What you'll learn

  • How to identify related parties and their transactions through procedures that go beyond asking management (ISA 550.14-17)
  • How to test the arm's-length assertion when the entity claims related party transactions occurred at market terms
  • What inspection bodies actually flag on related party files and how to avoid those findings
  • How to evaluate whether the disclosures in the financial statements are complete and accurate under the applicable framework

An inspection reviewer opens your related party working paper. The only evidence is a management representation that all related party transactions have been disclosed and a confirmation that the list matches the prior year. No independent identification procedures. No testing of terms. No assessment of whether the disclosed prices are at arm's length. The file gets flagged.

To audit related party transactions under ISA 550, perform identification procedures beyond management inquiry (including register searches, intercompany reconciliations, and board minute reviews), assess the business rationale of significant transactions, test whether terms are consistent with arm's-length conditions where the entity asserts this, and evaluate the completeness and accuracy of financial statement disclosures under ISA 550.25-27.
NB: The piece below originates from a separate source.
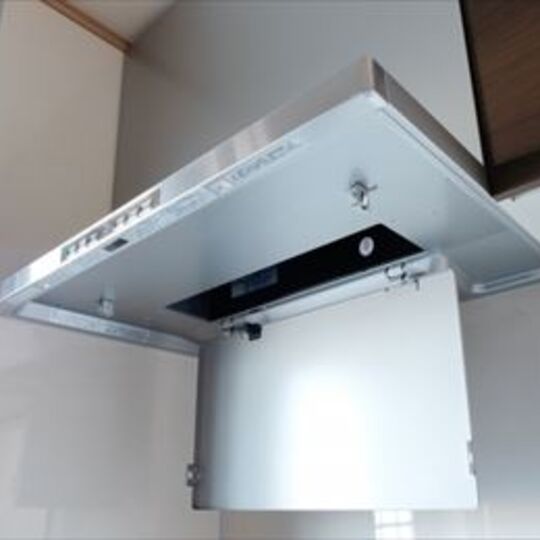 2adcd30867f975c865f4902ebdaac28a_s_R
Why inquiry alone does not satisfy ISA 550

ISA 550.11 requires the auditor to perform risk assessment procedures to obtain an understanding of the entity's related party relationships and transactions. The standard lists inquiry of management as one of several procedures. It is not sufficient on its own.

The problem is structural. Management may not know about all related parties (particularly indirect relationships through family members or entities controlled by key management personnel). Management may know but not disclose (intentionally or because they don't consider a relationship to be a "related party" under the applicable framework). And management's list from the prior year may be outdated.

ISA 550.13 goes further: the auditor must remain alert throughout the audit for information that may indicate related party relationships or transactions that management has not identified or disclosed. This is an ongoing obligation, not a planning-phase checkbox. If you discover during accounts receivable testing that a significant debtor shares a director with your client, that's an ISA 550 matter regardless of whether it appeared on management's list.

The inspection finding data supports this. Regulators across Europe have consistently flagged insufficient related party procedures. The common thread is over-reliance on inquiry and management representations, with no corroborative procedures to test whether the list is complete. The fix isn't complicated, but it requires deliberate work beyond the management conversation.

ISA 550.11-12 set out the risk assessment procedures. Start with inquiry of management about the identity of related parties, the nature of relationships, whether any transactions occurred during the period, and the terms of those transactions. Then go beyond inquiry.

ISA 550.11(b) requires inquiry of management about the entity's controls over related party transactions. Does the client have a policy requiring disclosure of related party interests? Is there an approval process for transactions with related parties? Do board minutes record related party transactions? If the entity has no controls at all, that's a risk factor, not just a documentation gap.

ISA 550.11(c) requires the auditor to perform other risk assessment procedures considered necessary. The standard doesn't prescribe a fixed list, but the application guidance in ISA 550.A11-A15 gives examples: reviewing prior-year working papers, understanding the entity's ownership structure, reviewing board and shareholder meeting minutes for references to related parties, and considering the regulatory environment.

For a mid-market audit, a practical minimum set of risk assessment procedures includes four elements. Inquire of management and those charged with governance. Obtain and review the register of directors' interests (or equivalent). Review minutes of board meetings and shareholder meetings for references to related party transactions. Compare the current-year related party list to the prior year and investigate changes.

The point of these procedures is to establish a baseline understanding before you start substantive work. If you don't know who the related parties are, you can't assess the risk that related party transactions are misstated or undisclosed.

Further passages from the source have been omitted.